What to produce
Write out word for word each line from the one containing "Volkswagen Golf 1.2" through the close of the listing, including both ends. Pictures do not belong in the copy.

*****

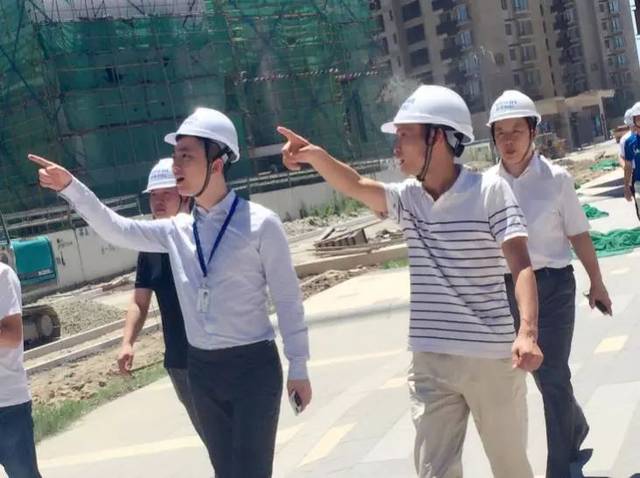 丁泽成在工地现场视察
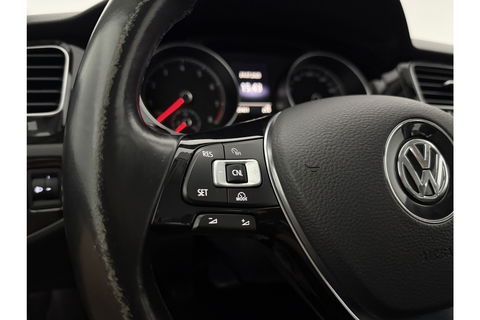 Volkswagen Golf 1.2 TSI Camera Trekhaak Clima Cruise Massagestoel Navi PDC 17''LMV
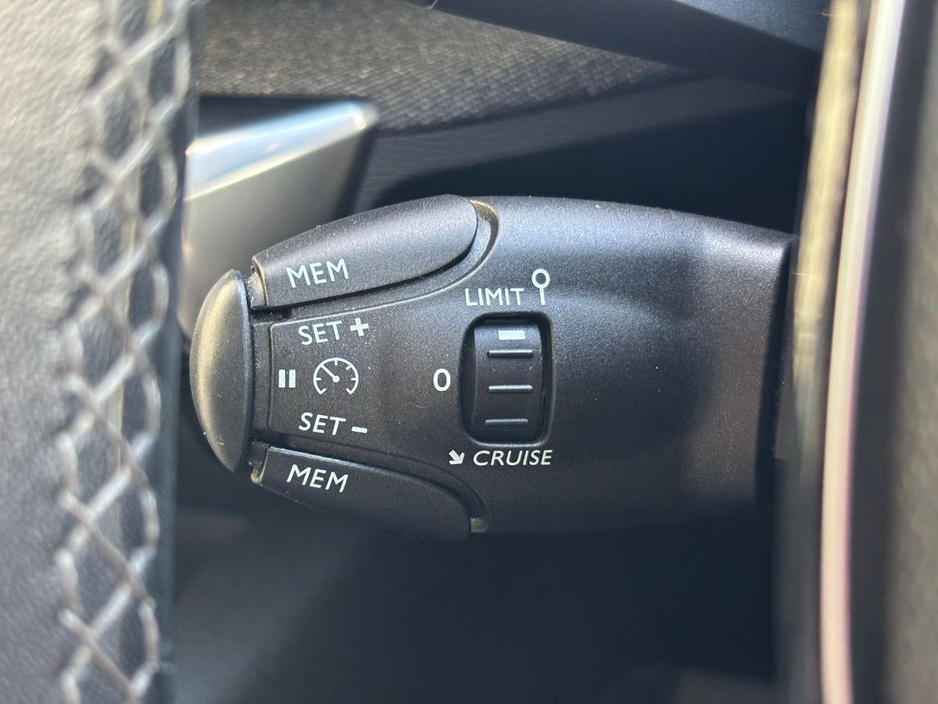 2019 Peugeot 3008 - image 23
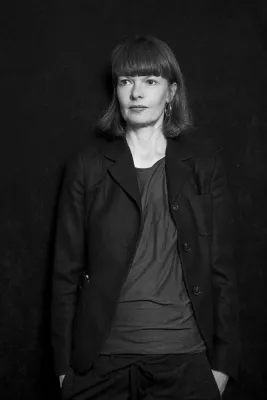 Bild: Dr. Astrid Mania erhält ADKV-ART COLOGNE Preis für Kunstkritik 2013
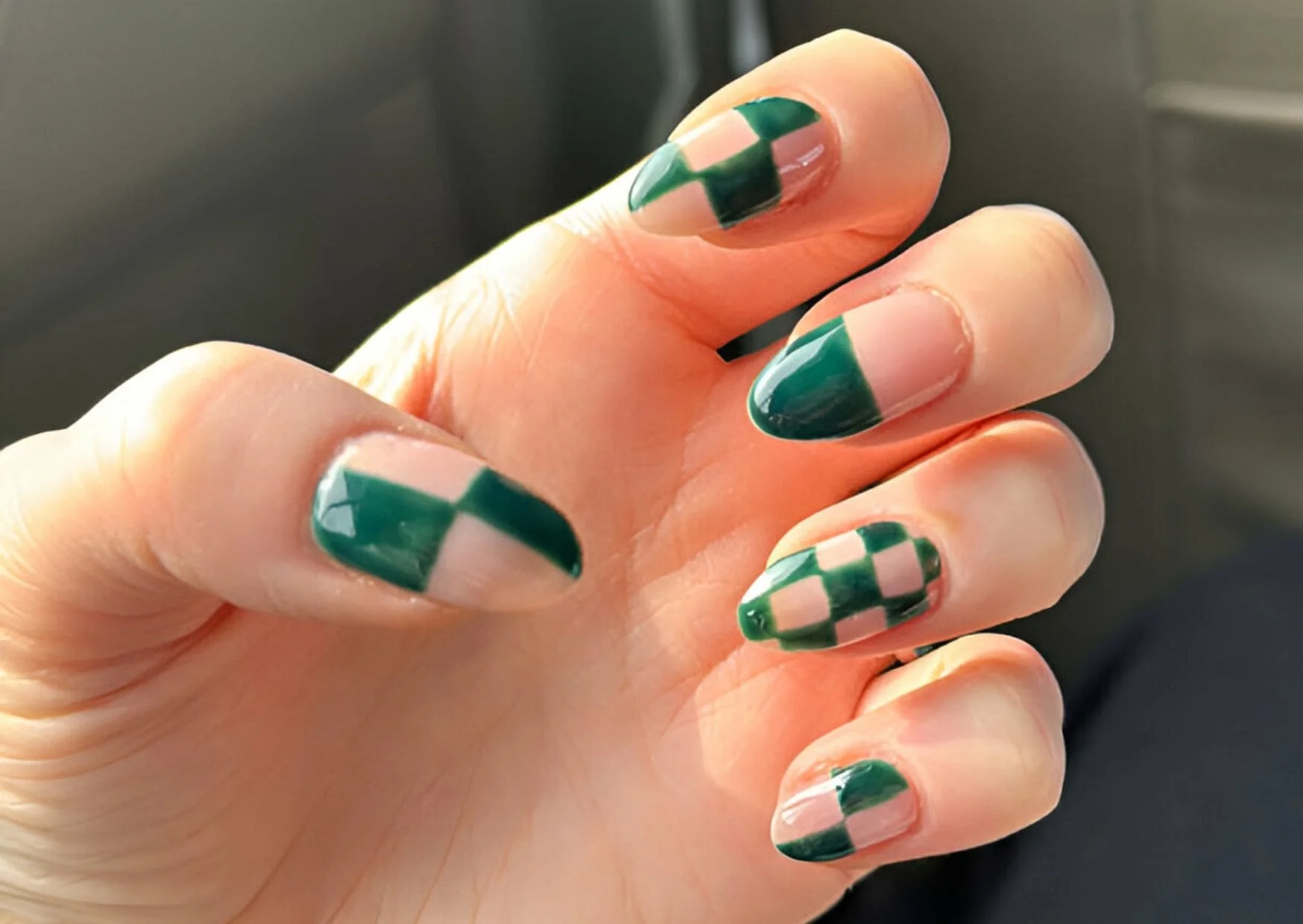 how long do Acrylic Nails Last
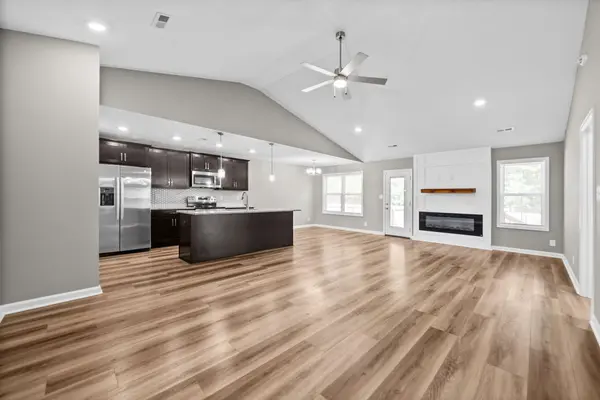 458 Mattingly Dr, Clarksville, TN 37042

*****

Written answer
 Volkswagen Golf 1.2 TSI Camera Trekhaak Clima Cruise Massagestoel Navi PDC 17''LMV
 2019 Peugeot 3008 - image 23
 Bild: Dr. Astrid Mania erhält ADKV-ART COLOGNE Preis für Kunstkritik 2013
 how long do Acrylic Nails Last
 458 Mattingly Dr, Clarksville, TN 37042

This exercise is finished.